Tenho o prazer de vos dar as boas-vindas e dirijo uma saudação cordial aos vossos pais e professores, aos vossos avós: há muitos avós aqui. É muito importante para vós, jovens e crianças, falar com os avós: é muito importante falar com os avós. A vossa escola de inspiração cristã é uma realidade preciosa para a região de Milão e oferece um valioso serviço educativo em colaboração com as famílias. É importante construir uma comunidade educativa na qual, com os professores, os pais possam ser protagonistas do crescimento cultural dos seus filhos. E este é o pacto educativo, o diálogo entre pais e professores. Há sempre um diálogo, para o bem dos jovens e das crianças. Este pacto educativo, que foi interrompido tantas vezes, deve ser sempre mantido. Diálogo e também trabalho conjunto, tal como fazeis vós, pais e professores. É importante construir uma comunidade educativa, isto é muito importante.
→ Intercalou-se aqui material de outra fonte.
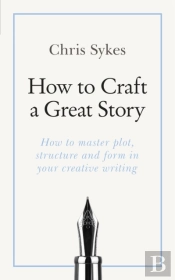 How To Craft A Great Story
E a vós, meninos e meninas, gostaria de dizer duas palavras que me vêm do coração: partilha e acolhimento. Partilhar e acolher, digamos juntos: “partilhar e acolher”. Só os meninos e as meninas, os adultos não! Dizei-o: partilha e acolhimento, todos! [repetem: “partilha e acolhimento!”]. Pois então, aprendei bem isto. Partilha: não vos canseis de amadurecer com as pessoas à vossa volta: companheiros de escola, pais, avós, educadores, amigos. Há necessidade de “trabalhar em grupo”, de crescer não só no conhecimento, mas também no tecer laços para construir uma sociedade mais solidária e fraterna. Porque a paz, de que tanto precisamos, é construída artesanalmente através da partilha. Não há máquinas para construir a paz, não: a paz faz-se sempre artesanalmente. Paz na família, paz na escola... E como se faz artesanalmente? Com o meu trabalho, com a minha partilha.
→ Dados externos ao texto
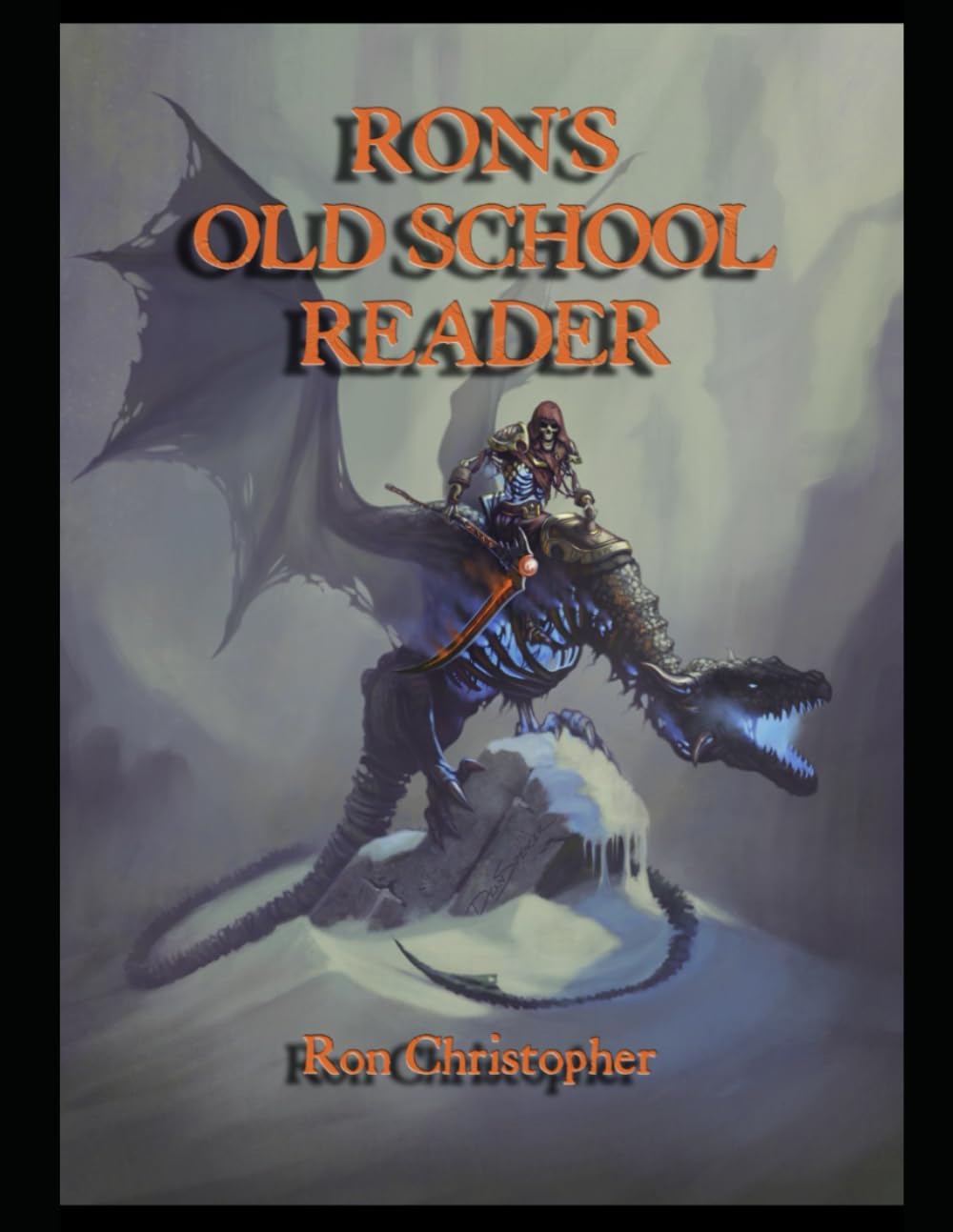 Ron's Old-School Reader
A segunda palavra: acolhimento. O mundo de hoje levanta tantas barreiras entre as pessoas. E o resultado destas barreiras é a exclusão, a rejeição. Isto é perigoso, se se descartar. Também na escola — ouvi bem, meninos e meninas — na escola há por vezes um companheiro que é um pouco estranho, um pouco ridículo ou de quem não gostamos: nunca os descartemos! Nem sequer bullying: não, por favor, não bullying, nenhum, somos todos iguais. Mesmo que um companheiro seja um pouco antipático, pobrezinho, aproximo-me dele com simpatia. Construí sempre pontes, não descarteis ninguém, por favor! Não descartar. Porque as guerras começam sempre com o descarte. O resultado das barreiras é a exclusão, a rejeição. Existem barreiras entre Estados, entre grupos sociais, mas também entre pessoas. E muitas vezes até o telefone para o qual continuais a olhar torna-se uma fronteira que vos isola num mundo que tendes ao vosso alcance. Como é belo olhar nos olhos das pessoas, ouvir as suas histórias, e acolher a sua identidade; construir pontes através da amizade com irmãos e irmãs de diferentes tradições, grupos étnicos e religiões. Só fazendo isto construiremos, com a ajuda de Deus, um futuro de paz. Gostei do vosso lema — “Admirados”: é lindo. Sempre admirados, ver a beleza, surpreendidos e gratos. Mas tomai cuidado, porque há o perigo de vos tornardes estúpidos: não, não! Admirados, não estúpidos. Compreendeis?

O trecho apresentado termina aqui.